Menu

Peer Reviewed

Parasitology

Update on Giardiasis: Diagnostics, Treatment, and Management

Authenticating perceived drug resistance is very difficult in naturally infected pet populations because it is nearly impossible to rule out reinfection within the home environment or underlying immunosuppressive conditions.

October 17, 2023 | 

Issue: November/December 2023

Rachel C. Smith

BS

Ms. Smith is a PhD student under the mentorship of Dr. Lindsay Starkey at Oklahoma State University College of Veterinary Medicine. She earned her BS in animal science from Auburn University in 2020 before beginning graduate studies at the Auburn University College of Veterinary Medicine. Her primary research focus is vector-borne infections in companion animals with an interest in diagnostics and teaching parasitology to veterinary students.

Read Articles Written by Rachel C. Smith

Lindsay A. Starkey

DVM, PhD, DACVM (Parasitology)

Dr. Starkey earned her BS in Animal Science from the University of Arkansas and her DVM and PhD at Oklahoma State University, where her graduate research focused on vector-borne infections. She completed her residency training through the National Center for Veterinary Parasitology at Oklahoma State University. In 2016, Dr. Starkey joined the faculty at Auburn University, where she is involved in various research projects involving vector-borne and foodborne infections, diagnostic parasitology, and parasite consultation and outreach. Dr. Starkey is also heavily involved in teaching parasitology to first-, second-, and fourth-year veterinary students.

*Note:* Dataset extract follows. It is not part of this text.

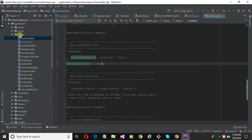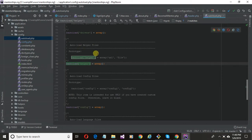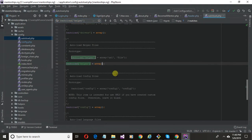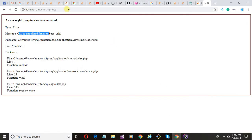move to your config folder and open autoload.php. Find the autoload helper and insert array type 'url'. Save this and refresh the page.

Read Articles Written by Lindsay A. Starkey
Lindsay A. Starkey - Featured Image
New Africa/shutterstock.com

Abstract

Giardia duodenalis is a protozoan parasite that is distributed worldwide and commonly identified in companion animals. The Giardia life cycle consists of 2 distinct stages: trophozoites (which are flagellated and motile and parasitize the small intestine) and cysts (which are the infective stage passed in feces). New and improved diagnostic methods continue to come on the market, improving veterinary professionals’ ability to diagnose infected patients. However, treatment of giardiasis continues to be challenging, and even when clinical signs are resolved, treatment often fails to completely eliminate cyst shedding. This article briefly provides an overview of giardiasis with a focus on advancements in diagnostic options, treatment strategies, and management of subclinical, persistent cyst shedders.

Take-Home Points

  • Giardia duodenalis is a common intestinal parasite infecting a wide variety of hosts, including dogs, cats, and humans.
  • Although Giardia species have some zoonotic potential, most infections are host adapted and transmission occurs between hosts of the same species.
  • There are many diagnostic options for Giardia, and some animals with clinical signs may need a combination of tests for diagnosis.
  • Centrifugal flotation in zinc sulfate solution is the best method for recovering and visualizing cysts and is appropriate for wellness screening or testing animals with suspected giardiasis.
  • Additional diagnostics (e.g., direct smear, enzyme-linked immunosorbent assay, polymerase chain reaction) are appropriate only for patients with suspected giardiasis.
  • The greatest chance for successful treatment and minimizing reinfection risk involves an integrated treatment approach, including efforts to decontaminate the pet and the pet’s environment, controlling cyst dissemination, and drug therapy.
  • Although no drug is officially labeled for treatment, extended-duration fenbendazole alone or in combination with metronidazole are the first-choice treatments for giardiasis; however, a number of drugs have been used experimentally when first-choice treatments fail to eliminate clinical signs.
  • Most perceived Giardia drug resistance is reinfection rather than true resistance, and appropriately timed follow-up testing is crucial for differentiating reinfection from drug resistance.
  • Some animals, even after treatment and resolution of clinical signs, may persistently shed cysts. For these patients, lifestyle management and client education may be more appropriate than continued drug therapy.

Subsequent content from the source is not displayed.